WHAT TO PRODUCE
Copy out and return the lines from the one holding "Crane lifts round tank into K Site building" to the end of the listing below, both included, omitting the pictures.

RECORDED INFORMATION
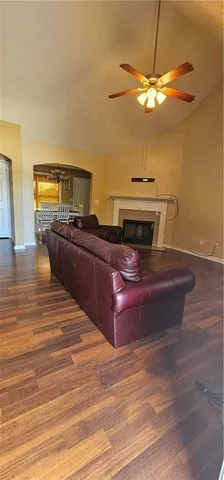 a room with a chandelier and wooden floor
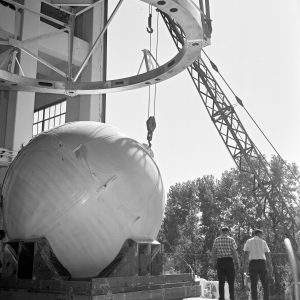 Crane lifts round tank into K Site building
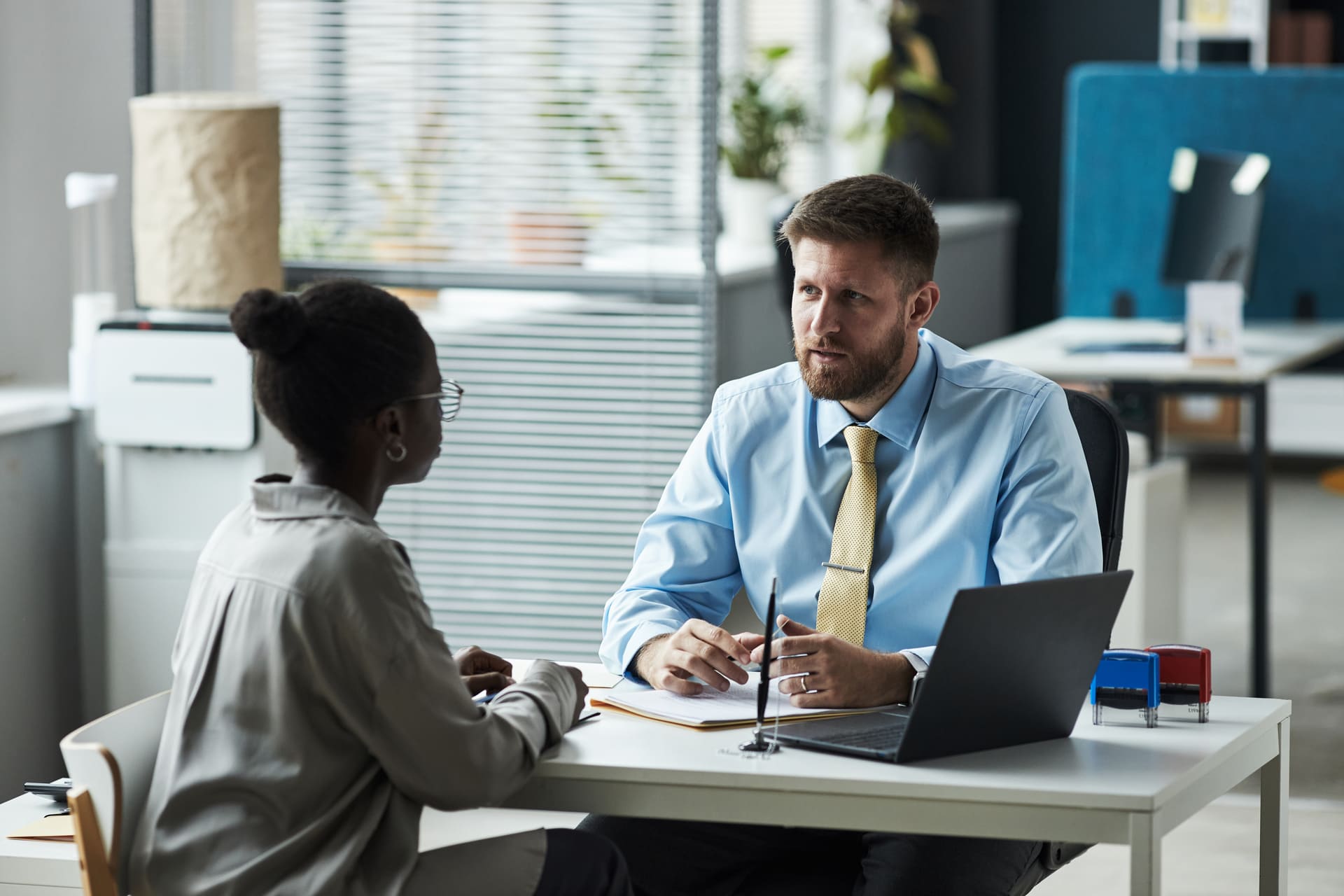 Immigration consultant discussing application with a client in an office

TASK RESPONSE
 Crane lifts round tank into K Site building
 Immigration consultant discussing application with a client in an office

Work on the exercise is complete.